“Attach yourself to what you feel to be true. Begin there.”
Much of our social existence is dependent on our isolation from one another—on our ability to inflict alienation on ourselves. We spend hours in our dorm rooms on facebook, while literally hundreds of other people sit a few feet away doing the same thing. We gentrify our collective broken-heartedness. What is it that keeps us from entering into meaningful relationships with those around us?

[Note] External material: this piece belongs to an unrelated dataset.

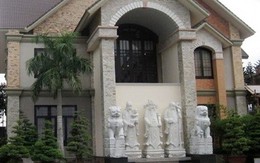 Đại gia dùng sư tử "canh" cổng và thực hư khối đá tiền tỷ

When students took Kerr Hall on at around 3pm on November 19, 2009, it occurred to me that I wasn’t going to make my 4pm class. As administrators began to filter out of the building, an older gentleman in Vans caught my eye. I walked up to him slowly and said, “I just wanted to let you know, I probably won’t be in class.” His response surprised me: “Oh, okay… I’ll put the presentation online.” Among the numbness of everyday life, this was a moment that made me actually feel something.
We were only in Kerr Hall for seventy-two hours, but life in the occupation took on a kind of rhythm. When we were hungry, there was food spontaneously cooked by students (many of whom felt that was the limit of their ability to participate). More food flowed in from dining halls, dorms and dumpsters. When there was a decision to be made, we made it together. When there were no decisions to be made, we sat around and talked.

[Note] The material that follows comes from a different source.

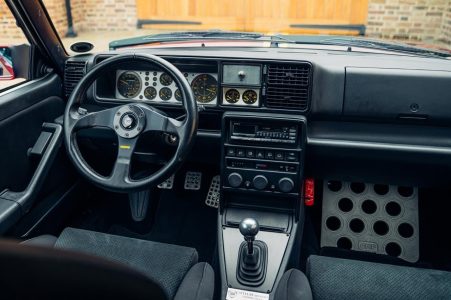 Hacerte con un Lancia Delta Evoluzione II Edizione Finale con 5.500 kilómetros es posible: lo pagarás bien pagado
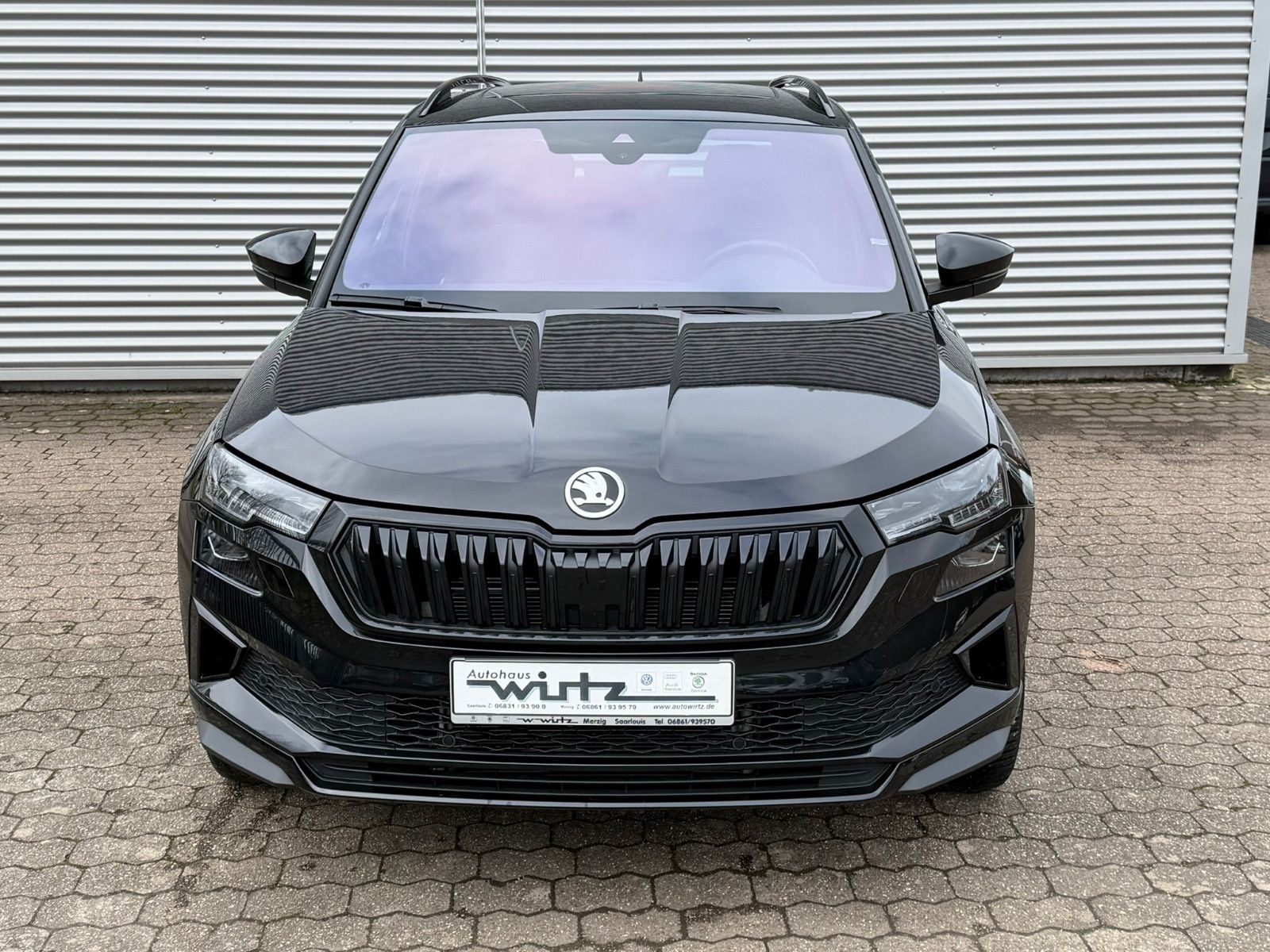 Fahrzeugabbildung SKODA Karoq Sportline 2.0 TSI  4x4 PANO ACC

When I was scared, there was someone to hold my hand. It was 5am when the riot police came to Kerr Hall. The seventy of us inside the building were suffering from sleep deprivation and paranoia. As we watched our friends on the outside get smacked with batons, I realized my own fear of authority. I turned to the girl next to me, someone I had met hours before, and said, “I’m freaking out. Can I hold your hand?” She grabbed my hand and within minutes, nearly everyone around us was holding someone’s hand, regardless of how fiercely we disagreed with each other’s ideas or tactics.
We became connected by the reality of what we had done. In the university, where it seems that everything is preparation for something else, something that never arrives, Kerr Hall reminds us that we exist—together.